Die Ankündigung der Blockade ließ die Ölpreise prompt anziehen. Der Preis für ein Barrel Rohöl der Nordseesorte Brent mit Lieferung im Juni stieg auf 102,50 US-Dollar. Vor den gescheiterten Verhandlungen hatte der Preis noch bei 95,20 Dollar gelegen. Dieser deutliche Anstieg zeigt die wirtschaftlichen Auswirkungen der politischen Spannungen.

Die Straße von Hormus ist eine der wichtigsten Öltransportrouten weltweit. Täglich passieren etwa 20 Prozent des globalen Ölbedarfs diese enge Meerenge. Für den Iran, einen der größten Ölproduzenten der Welt, ist diese Route von existenzieller Bedeutung für seine Ölexporte.

Hintergrund der amerikanischen Blockade

US-Präsident Donald Trump will mit der Hormus-Blockade zwei Ziele erreichen:

  • Verhinderung iranischer Gebührenerhebung für die Durchfahrt durch die Meerenge
  • Abschneiden des Iran von seinen Öleinnahmen

Nach Informationen des Wall Street Journal erwägen Trump und seine Berater zusätzlich begrenzte Militärschläge im Iran, um die festgefahrenen Gespräche wieder in Gang zu bringen. Die Blockade soll den USA Zeit verschaffen, Minen in der Meerenge zu räumen und eine geschützte Passage für die Handelsschifffahrt einzurichten.

Experten warnen vor Eskalation

Iran-Experten sehen wenig Chancen für eine friedliche Lösung. Danny Citrinowicz schrieb auf X: „Der Iran wird wahrscheinlich nicht nachgeben“. Er könnte Teile der US-Marine ins Visier nehmen, um die Entschlossenheit der Amerikaner zu testen. Auch der Iran-Forscher Hamidreza Azizi befürchtet, dass der Iran die mit ihm verbündete Huthi-Miliz im Jemen ermutigen wird, die Meerenge Bab al-Mandab unter Beschuss zu nehmen.

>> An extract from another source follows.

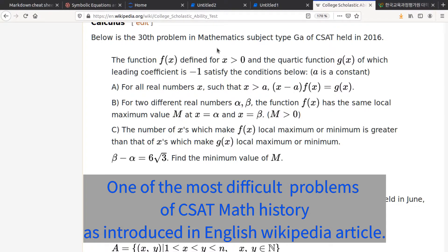The problem reads: given functions f(x) and g(x), with multiple conditions involving f(x) evaluated at various points.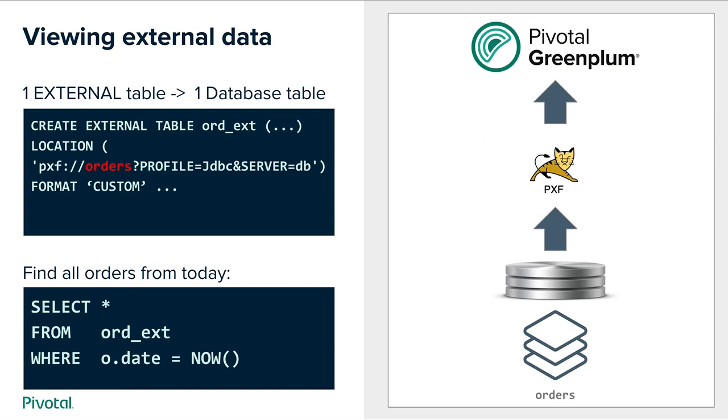Let's look at the use case. What traditionally PXF was used for is to import data from external system to Greenplum. In this example we have the set of orders which is represented as an external table in Greenplum. We would specify external table ord_ext. In the location we'll give a name of the table, in this case orders. We'll specify the profile which is JDBC and under configuration server db. And then to find all the orders from today for example we would issue a SQL statement such as select star from ord_ext where o.date equals NOW. And that will cause Greenplum to issue a query to PXF and PXF will go and fetch data from the external system using JDBC and bring it back to the customer.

Die iranische Nachrichtenagentur Tasnim warnte deutlich: „Wenn Trump gegen die Straße von Hormus vorgeht, wird er auch die Meerenge von Bab al-Mandab verlieren“. Israelische Medien berichten derweil, dass sich die israelischen Streitkräfte bereits auf einen erneuten Konflikt mit dem Iran vorbereiten.

Deutsche Stimmen zur Krise

Der CDU-Außenpolitiker Jürgen Hardt hält die Ankündigung einer Seeblockade durch Trump in erster Linie für ein taktisches Vorgehen. „Präsident Trump kann keine blockierten Handelswege gebrauchen“, sagte Hardt der Rheinischen Post. „Das führt auch in den USA zu steigenden Preisen und schwächt ihn innenpolitisch“.

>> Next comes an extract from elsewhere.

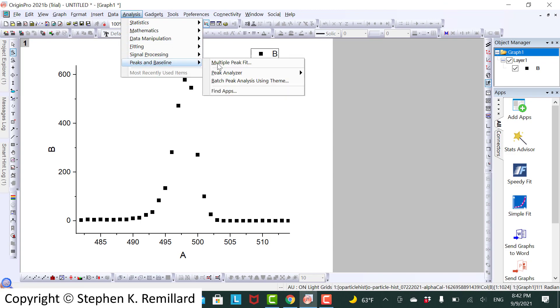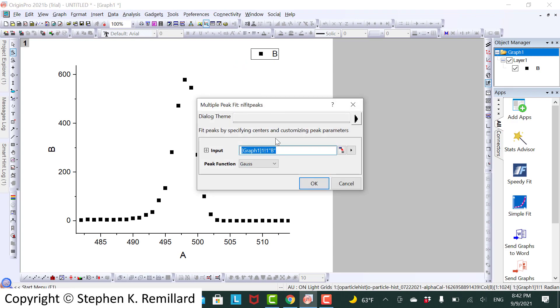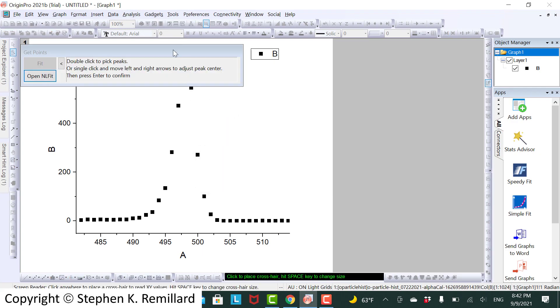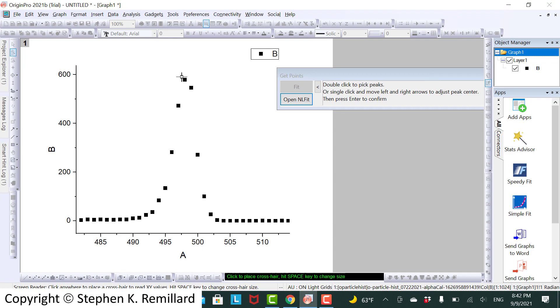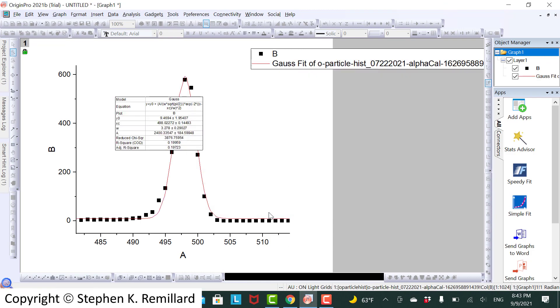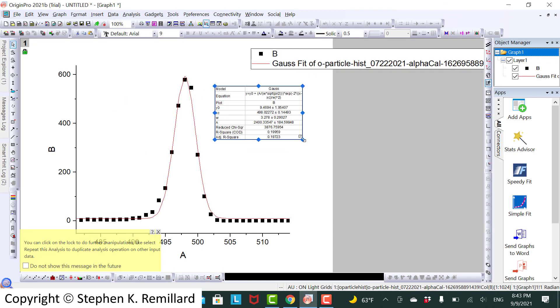So go to peaks and baseline. I use multiple peak fitting even though there's only one peak, because it allows me to select a guess. My guess is that the center there. Double click and click fit.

Der Verband Deutscher Reeder (VDR) reagierte verhalten auf Trumps Ankündigung. Ein VDR-Sprecher sagte: „Leider besteht derzeit wenig Anlass zur Annahme, dass sich die Situation kurzfristig entspannt“.

Ausblick ungewiss

Die direkten Verhandlungen zwischen Washington und Teheran unter Vermittlung Pakistans in Islamabad endeten am frühen Sonntagmorgen ohne greifbares Ergebnis. Ob und wann es zu weiteren Verhandlungen kommt, ist völlig unklar. Pakistans Außenminister Ishaq Dar rief beide Seiten auf, an der Waffenruhe festzuhalten, und betonte, Pakistan werde seine Vermittlerrolle weiterhin wahrnehmen.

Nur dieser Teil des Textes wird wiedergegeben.